Beyond wind-induced upwelling: diverse drivers of future productivity in eastern boundary upwelling systems

Abstract. Eastern Boundary Upwelling Systems (EBUS) contribute disproportionately to global marine productivity and fisheries, yet their response to climate change remains poorly understood. Given the essential ecosystem services they support, improving projections of future EBUS dynamics is critical. Here we analyze projections of Net Primary Production (NPP) and its driving mechanisms using Earth System Models (ESMs) from the Coupled Model Intercomparison Project Phase 6 (CMIP6). Across the four major EBUS, twenty-first century NPP projections exhibit larger model uncertainty than scenario uncertainty, with limited confidence in the direction of future trends under different scenarios. This uncertainty partially results from compensating positive and negative NPP anomalies within individual systems, with consistent multi-model responses only emerging at subsystem scales. Although, consistent with most past studies, changes in upwelling-favorable winds are an important driver of the EBUS NPP response to climate change, they cannot fully explain projected responses.

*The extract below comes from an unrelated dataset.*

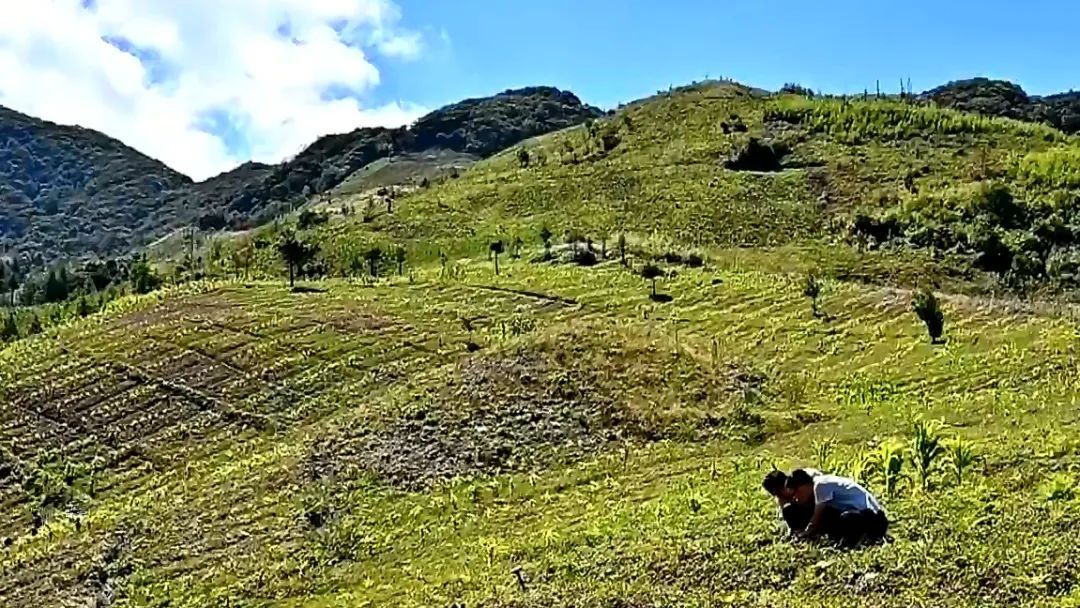 秋分至 丰收时 | @所有人，中国农民丰收节来了！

In the equatorward sectors of the Canary and Benguela systems, as well as in the historically most productive area of the California system (regions encapsulating 25 % of total EBUS area) a weakening of alongshore wind stress reduces upwelling intensity, nutrient supply to the euphotic zone and consequently NPP. However, in the remaining 75 % of EBUS extent, additional mechanisms are required to explain projected changes. These include upwelling anomalies induced by geostrophic transport and wind-stress curl, enhanced stratification, and changes in subsurface nutrient reservoirs, highlighting the complex and locally-specific response of EBUS productivity to climate change.